William Teller, of Holland, founder of the Teller family in America, was born in 1620, died in 1701. He arrived at New Netherlands in 1639, and in the same year was sent by Governor Kieft to Fort Orange, now Albany, and subsequently was quartermaster at the fort. He lived in Albany from 1639 until 1692, when he returned to New York where he was a merchant. He was one of the five patentees of the town of Schenectady in 1684; although he never lived there. The Teller family is prominent in the history of Albany and Schenectady counties, where they had large interests. William Teller married (first) Margaret Donchensen, and had six children; (second) Maria Varleth, and had three additional children.

(II) William (2), son of William (1) and Margaret (Donchensen) Teller, was born in 1657. He married, in New York City, November 19, 1686, Rachel, daughter of Dr. Hans and Sarah Roleoff (Jansen) Kierstede. Dr. Kierstede was one of the earliest physicians and surgeons who settled in New Amsterdam, arriving there in 1638 with Governor Kieft. He married Sarah Roleoff, daughter of Rudolf and Anneke Jans Jansen, of Trinity property fame. Rachel (Kierstede) Teller was wonderfully proficient in the signs and language of the Indians and acted, May, 1664, as interpreter for Governor Stuyvesant during an interview with Indian chiefs. Among the children of William and Rachel (Kierstede) Teller was a son, Johannus or John.

(III) John, son of William (2) and Rachel (Kierstede) Teller, was born March 12, 1693, died in 1767. In his will, dated February 25, 1763. he called himself "John Teller of Tellers Neck in the Manor of Cortlandt." He married Alida (Aeltje) Vermilye. Among his ten children was John.

(IV) John (2), son of John (1) and Alida (Vermilye) Teller, was born in April, 1734, died at Rhinebeck, New York, January 15, 1818. He married Margaret Stoutenburgh, born at Hyde Park, April 14, 1734. Children, (baptisms recorded in the Dutch Church in Poughkeepsie, New York): John, Jacobus, Tobias, William.

(V) William (3), son of John (2) and Margaret (Stoutenburgh) Teller, was born in Hyde Park, New York, December 29, 1775, died at East Greenbush, June 31, 1862. He carried on farming on an extensive scale in East Greenbush. He married, February 21, 1808, Caroline M. Conklin, born at Clinton, New York, November 28, 1781, died March 3, 1871. Children: Margaret, Jacob Van Benschoten and Tobias.

(VI) Jacob Van Benschoten, son of William (3) and Caroline M. (Conklin) Teller, was born October 12, 1811, died February 6, 1892. He married, June 17, 1835, Martha Taber Akin (see Akin V), born in Greenbush (Rensselaer), April 30, 1813, died July 16, 1893. Children:

  1. William, died in 1893;
  2. Margaret;
  3. David Akin, see forward;
  4. Anna Mary, see forward;
  5. Elisha Pratt.

(VII) David Akin, second son of Jacob Van Benschoten and Martha Taber (Akin) Teller, was born at the Teller homestead, "Rose Hill," near Rensselaer, New York, December 19, 1839, died unmarried, January 13, 1907, and is buried in Greenbush Cemetery.
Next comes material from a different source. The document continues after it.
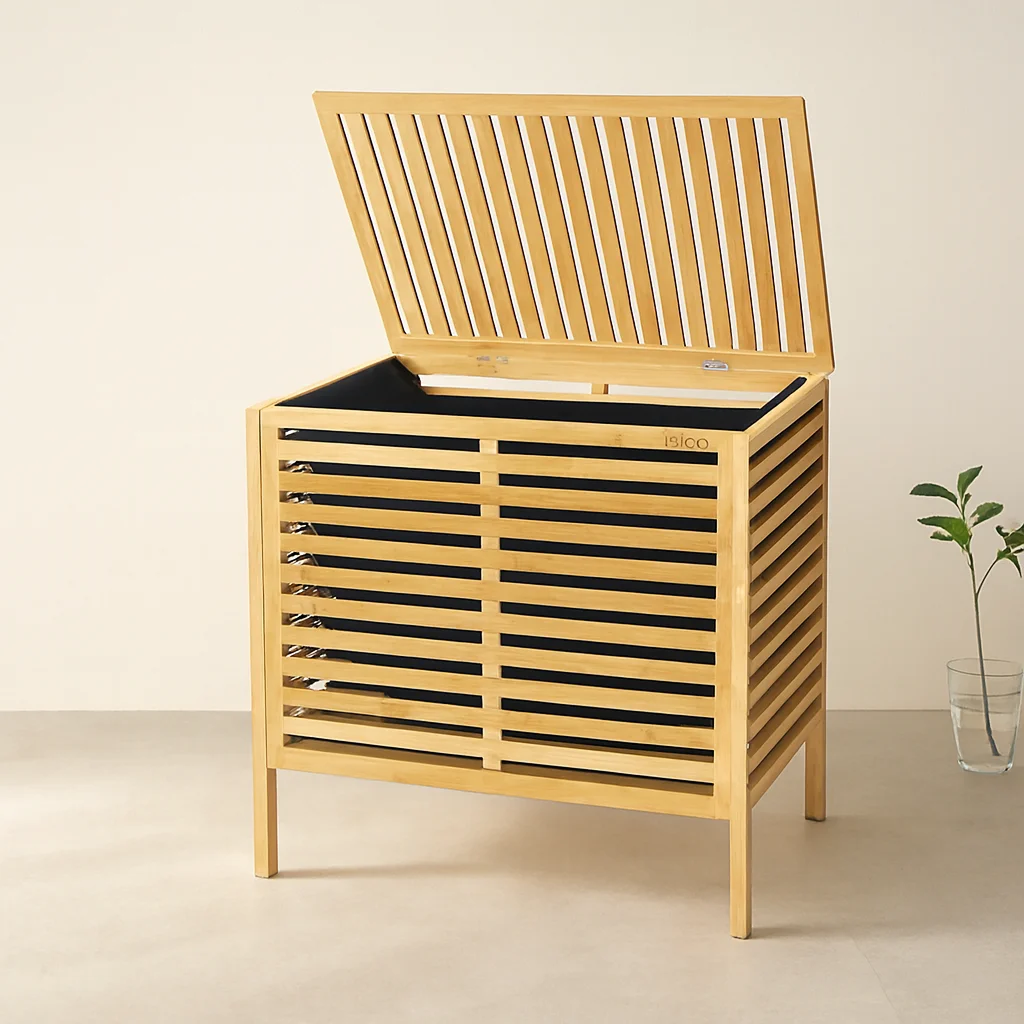 Kalın Bambu Çamaşır Sepeti 50x38x55 cm (Kumaş Torbalı) Fiyatı, Yorumları ve Özellikleri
He was educated at the Boys' Academy, Albany. He enlisted, May 29, 1861, in Company A, Captain Cuyler Van Vechten (known as the Albany Zouave Cadets), Tenth Regiment, New York National Guard, and on December 6, 1862, was commissioned second lieutenant. It is worthy of note that sixty members of the Albany Zouave Cadets received and honored military commissions during the civil war. Lieutenant Teller was mustered in as second lieutenant of Company A, One Hundred and Seventy-seventh New York Volunteer Infantry, November 21, 1862, to serve nine months, and was mustered out with his command, September 10, 1863, at Albany. Lieutenant Teller was in every battle in which the One Hundred and Seventy-seventh participated while he was in service, and was a volunteer in the "Forlorn Hope" to make a second assault on Port Hudson, which was not made owing to the immediate surrender of Vicksburg. He was appointed, with the rank of lieutenant-colonel, on the staff of General Woodhall, commander of the Third Brigade, New York National Guard.

(VII) Anna Mary, daughter of Jacob Van Benschoten and Martha Taber (Akin) Teller, was born October 9, 1842. She married, November 23, 1864, William Patten Irwin (see Irwin IV). She survives her husband and resides in the Irwin Homestead on Greenbush Heights, opposite Albany, New York.